Top of Data shown

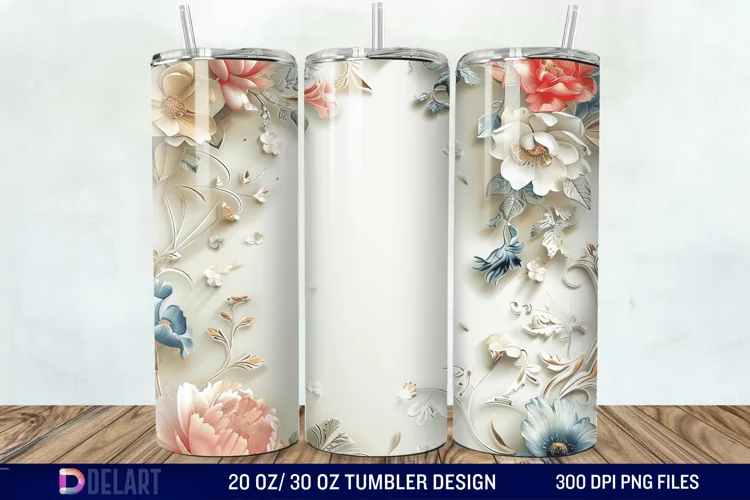 3d Vintage Flowers Tumbler Wrap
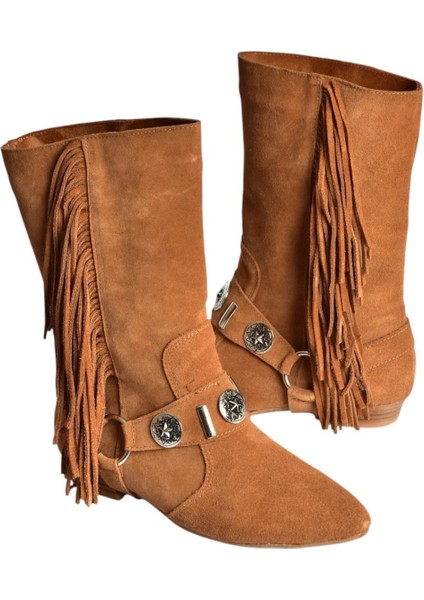 V380625502 Taba Süet Püskül Detaylı Kadın Bot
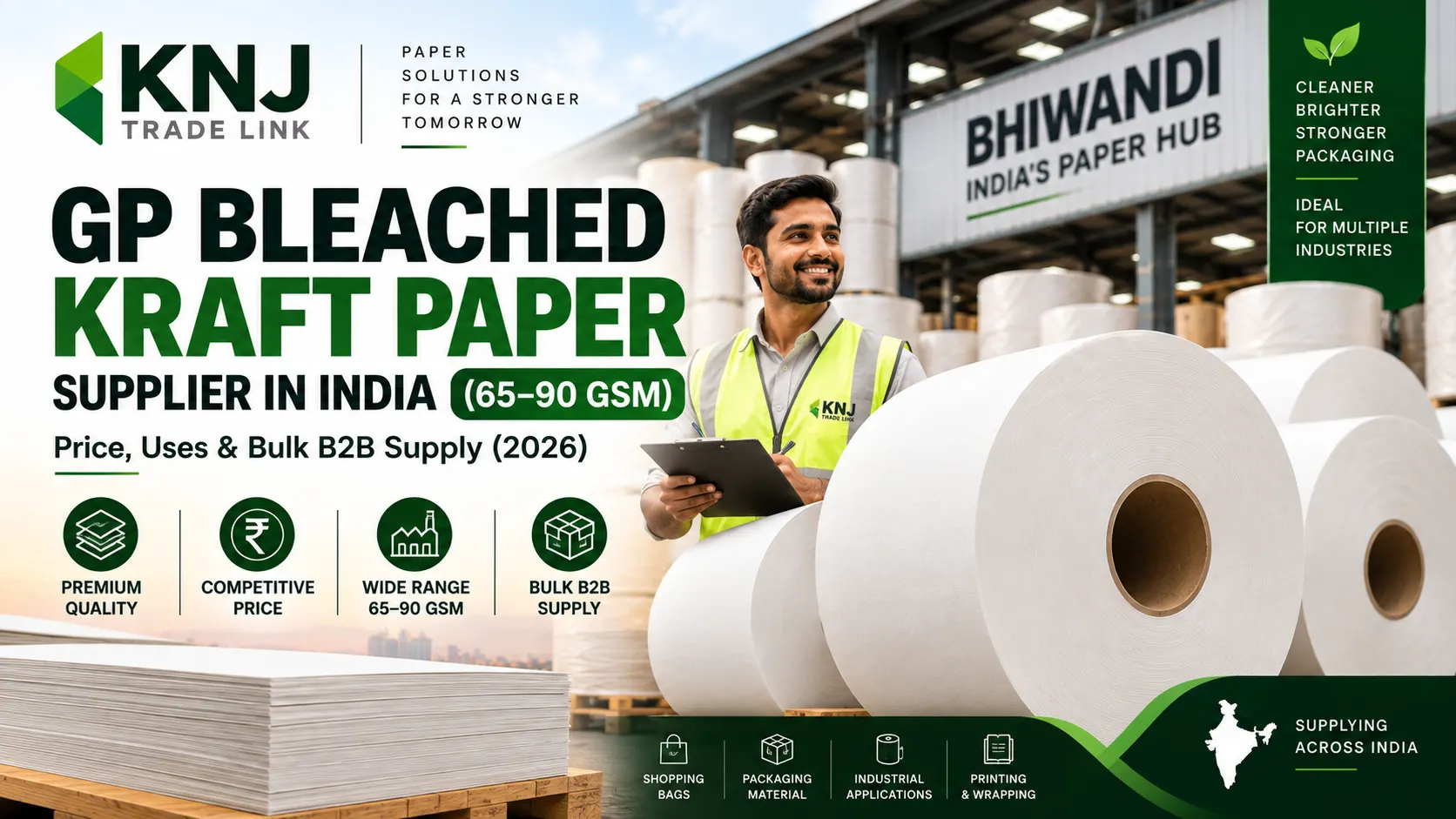 GP Bleached Kraft Paper Supplier in India (65–90 GSM) — Price, Uses & Bulk B2B Supply (2026)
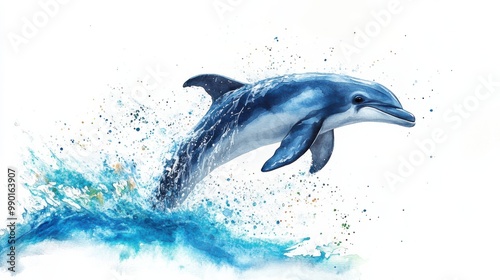 A dolphin leaps joyfully out of the ocean waves on a sunny day, showcasing its vibrant blue colors in a lively display of marine life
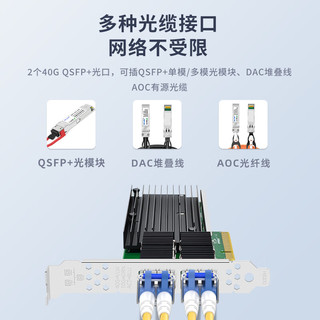 EB-LINK intel XL710芯片PCI-E X8 40G双光口光纤网卡QSFP+双端口服务器XL710-QDA2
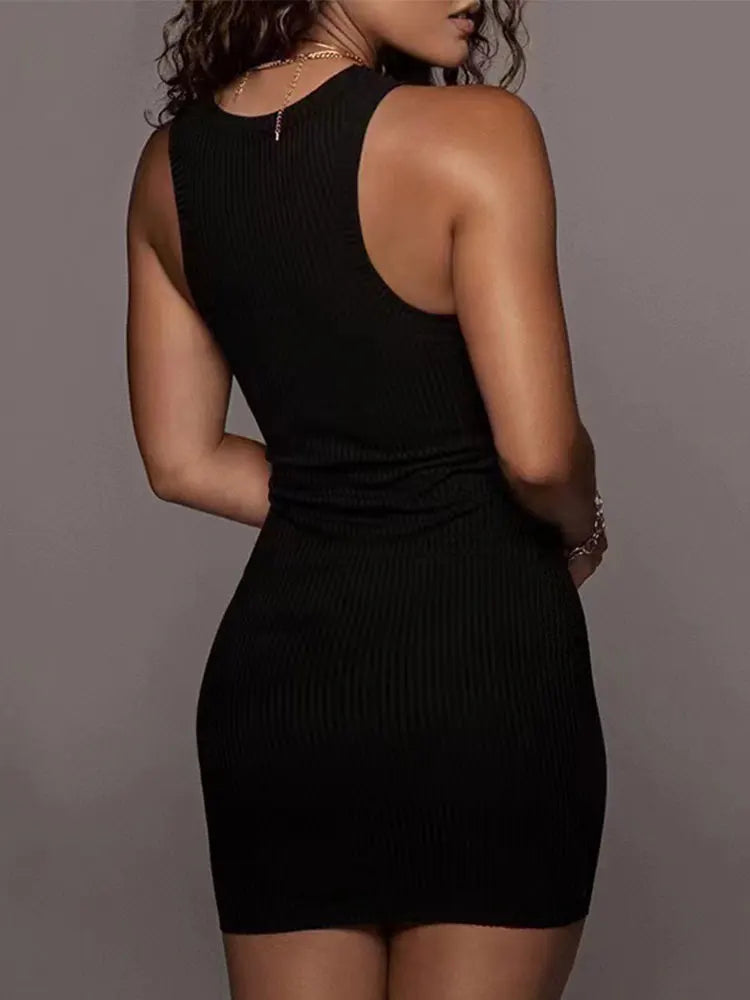 Black Ribbed Bodycon Mini Dress | Sexy Sleeveless Club Dress - Femstylo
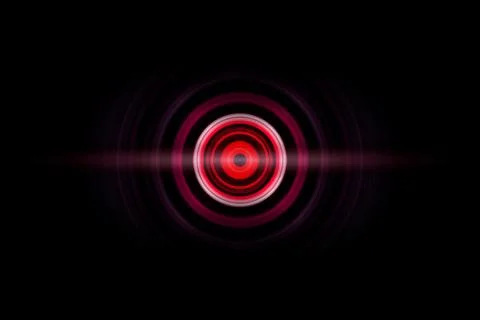 Abstract light red ring with sound waves oscillating background Stock Illustration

Bottom of Data shown

Word for word, return the material above; the pictures stay out.

Answer space
 3d Vintage Flowers Tumbler Wrap
 V380625502 Taba Süet Püskül Detaylı Kadın Bot
 GP Bleached Kraft Paper Supplier in India (65–90 GSM) — Price, Uses & Bulk B2B Supply (2026)
 A dolphin leaps joyfully out of the ocean waves on a sunny day, showcasing its vibrant blue colors in a lively display of marine life
 EB-LINK intel XL710芯片PCI-E X8 40G双光口光纤网卡QSFP+双端口服务器XL710-QDA2
 Black Ribbed Bodycon Mini Dress | Sexy Sleeveless Club Dress - Femstylo
 Abstract light red ring with sound waves oscillating background Stock Illustration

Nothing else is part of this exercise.